All routes converge at Sacramento. At Sutter's Fort, clues from a cemetery gravestone and a hotel in nearby Coloma lead Jerrod to Jake's mine, where the brothers reunite and discover the Mother Lode.

== Copy protection ==
Gold Rush! uses words from the book California Gold: Story of the Rush to Riches by Lou and Phyllis Zauner, which came with the game as a form of copy protection. If the player fails to enter the correct word at a certain point during the game, their character is immediately arrested for claim jumping and hanged on the gallows, which is the same as the regular in-game punishment for claim jumping, being caught in someone's hotel room, or stealing.

== Reception ==
In 1989, Dragon gave the game 4½ out of 5 stars. Computer Gaming World gave the game a positive review, noting it mixes historical simulation with Sierra's traditional adventure gameplay.

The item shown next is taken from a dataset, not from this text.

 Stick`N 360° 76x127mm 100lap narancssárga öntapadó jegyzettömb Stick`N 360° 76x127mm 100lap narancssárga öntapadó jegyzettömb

Compute! called Gold Rush "entertaining, somewhat educational, and a terrific escapade for first-time adventure game players", but warned that its simplicity might disappoint veteran gamers and that the graphics were inferior to that of some other Sierra adventures.

In 2011, Adventure Gamers named Gold Rush! the 96th-best adventure game ever released.

== Legacy ==
=== Collector's edition ===
The Software Farm released a collector's edition of California: Gold Rush! in a wooden box in 2000. They also released an economy pack that included just the game, packaged in an envelope.

=== Remake ===
German game developer Sunlight Games secured the rights and re-released the original version in July 2014. A remake with the name Gold Rush! Anniversary was released in November of the same year for Microsoft Windows, OS X and Linux. The ports for iOS and Android were released in March 2015. All graphics are pre-rendered, but all animations and characters are displayed in real-time 3D. The game's graphics are in high definition and the music was remade. All text from the original game was optimized with newly recorded voiceovers. The game can be controlled by a point-and-click control or with a parser (only Windows, Linux and Mac), which is similar to the old Sierra games which use the AGI interface. Gold Rush! 2 was released in April 2017 as a sequel to Gold Rush! Anniversary.

Sunlight Games has also released a Special Edition which is limited to 350 copies. The Special Edition comes in a box with a banderole, and the content of the box is similar to the old Sierra boxes is: a copy of the game on a DRM-free DVD, a poster, a card with the serial number, a printed making-of booklet, a printed booklet with concept drawings, and a golden-colored coin. Gold Rush! The Special Edition can only be ordered at Sunlight Games' online shop.

Adventure Gamers gave the remake 1½ stars out of 5. Just Adventure gave the game a rating of B−. 3rd-strike gave the game a 7.0.